● TASK DESCRIPTION
Copy the records word for word. Pictures do not go in.

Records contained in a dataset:
--------

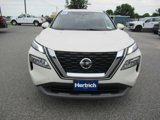 Used 2021 Nissan Rogue SV image 2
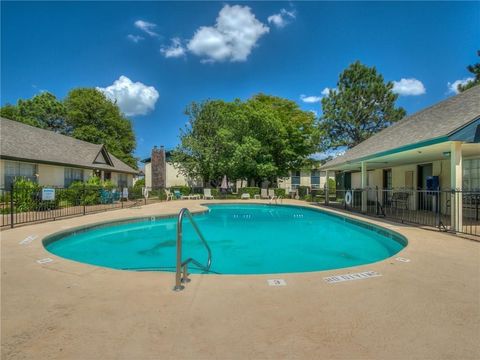 Photo of 1703 E Lindsey Street #1, Norman, OK 73071 (MLS # 1212586)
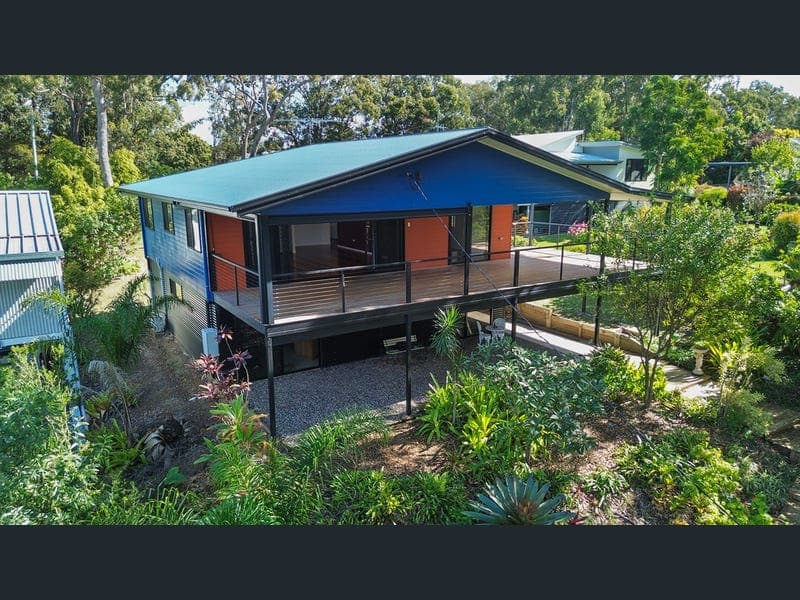 36 Beelong Street, Macleay Island — photo 1 of 5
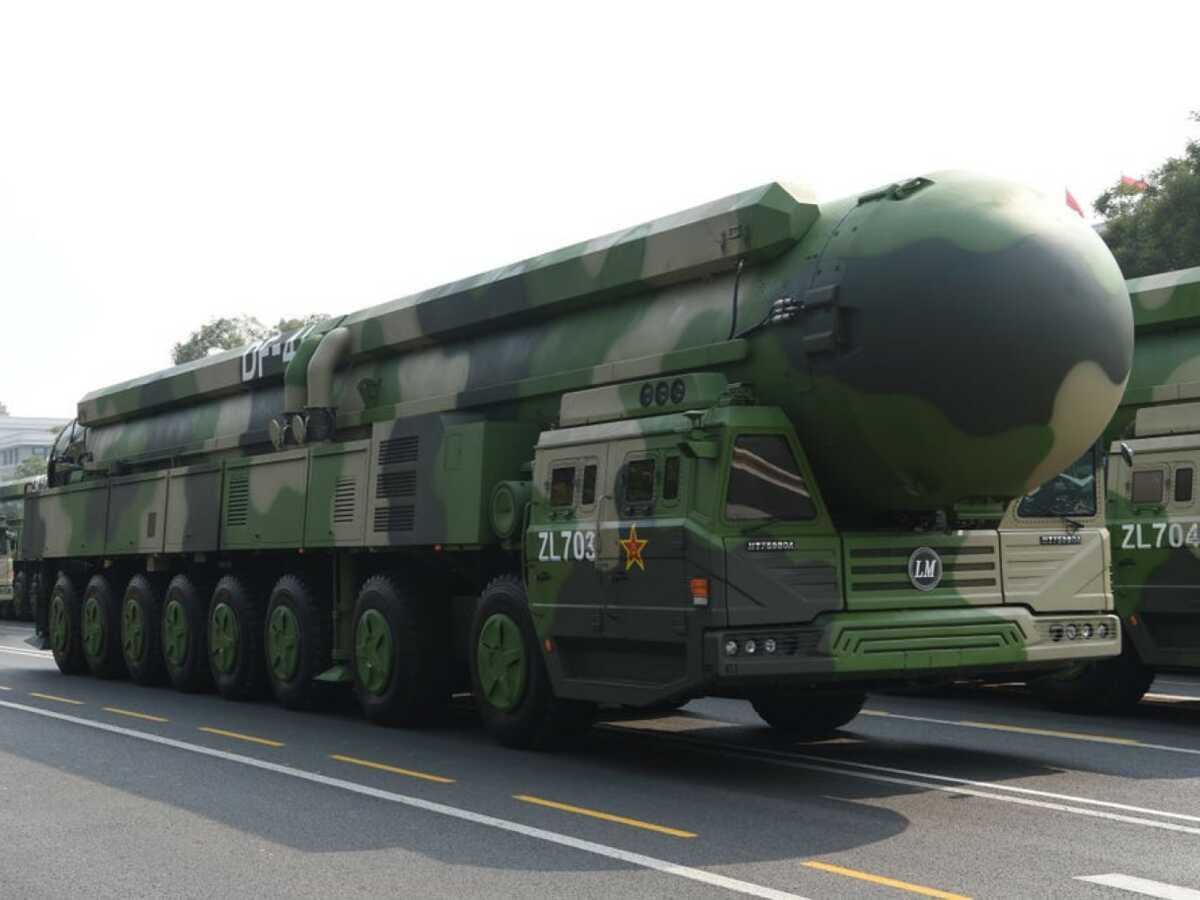 la chine construirait 300 silos a missiles son arsenal nucleaire pourrait etre plus important que celui des etats unis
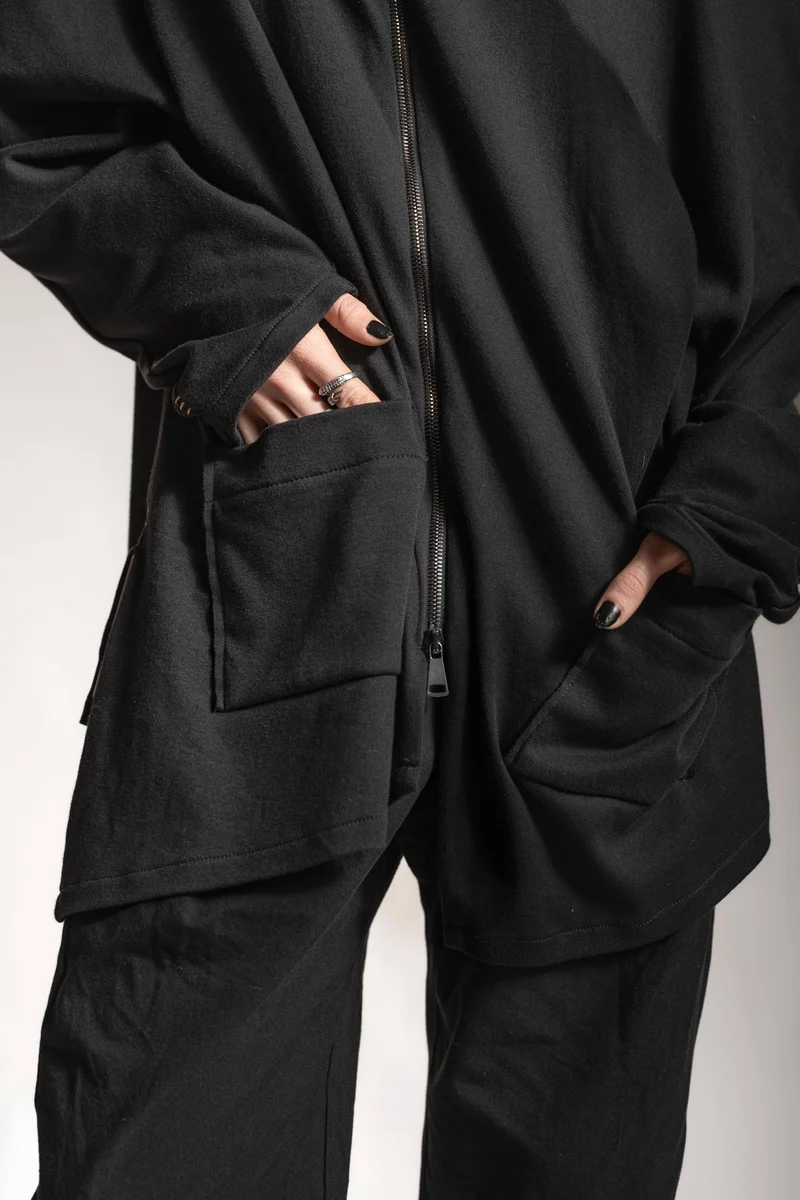 eigensinnig wien | Horaz | Sportlich-elegante Shirtjacke für Damen und Herren in Schwarz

--------

● PROBLEM SOLUTION
 Used 2021 Nissan Rogue SV image 2
 Photo of 1703 E Lindsey Street #1, Norman, OK 73071 (MLS # 1212586)
 36 Beelong Street, Macleay Island — photo 1 of 5
 la chine construirait 300 silos a missiles son arsenal nucleaire pourrait etre plus important que celui des etats unis
 eigensinnig wien | Horaz | Sportlich-elegante Shirtjacke für Damen und Herren in Schwarz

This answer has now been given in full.